Purpose: The objective of this study was to evaluate the stability of HuNoV capsid to HPP using virus-like particles (VLPs) as a model.
Methods: HuNoV VLPs were treated at pressures ranging from 500 to 900 MPa at 4 °C for various holding times (between 1 and 60 min). HuNoV capsid disruption was evaluated by analyzing VLP structure integrity, and binding to its functional receptors, histo blood group antigens (HBGAs).
Results: Pressurization at 500-600 MPa, the pressure known to completely inactivate HuNoV surrogates (e.g., murine norovirus [MNV] and feline calicivirus [FCV]) in 2 min, was not sufficient to disrupt the structure and function of HuNoV VLPs, even with a holding time of 60 min. Disrupting efficacy of HPP increased with increasing pressures. Times required for complete disruption of HuNoV VLPs at 700, 800, and 900 MPa were 30, 10, and 2 min, respectively. Moreover, HuNoV VLPs were more resistant to HPP in their ability to bind type A than types B and O HBGAs. Additionally, the sub-VLPs (23-nm) appeared to be much more stable than the full size VLPs (38-nm).
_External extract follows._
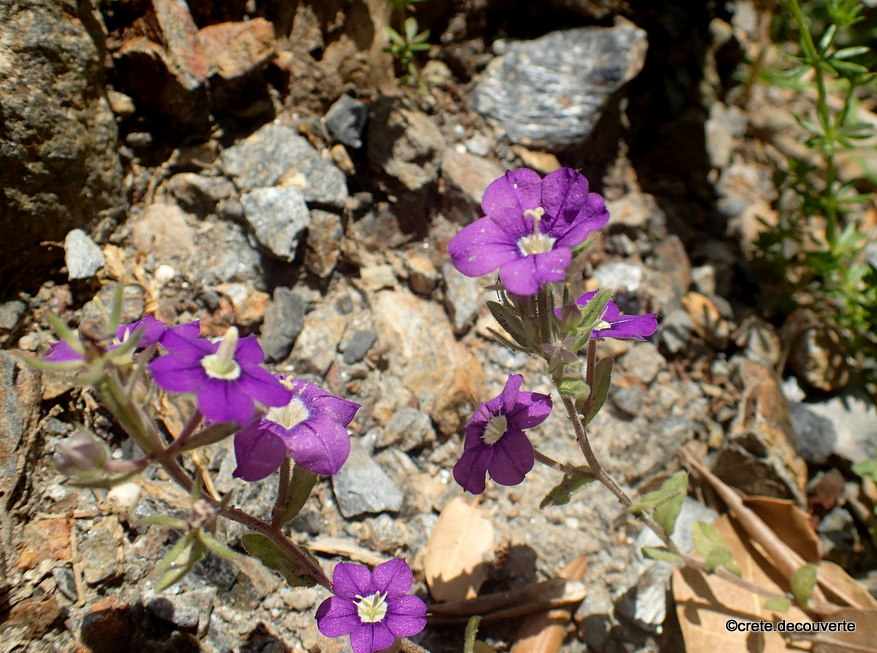 Legousia pentagonia Legousia pentagonia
Significance: While high levels of pressure (800-900 MPa) are required, a short holding time is capable of disrupting HuNoV VLPs. Our data suggest that HuNoV may be more resistant to HPP than MNV and FCV; therefore, the HuNoV VLPs may be a better model to study the survival of HuNoV under various conditions and further facilitate the use of HPP to inactivate pathogenic viruses, thereby improving the safety of high risk foods.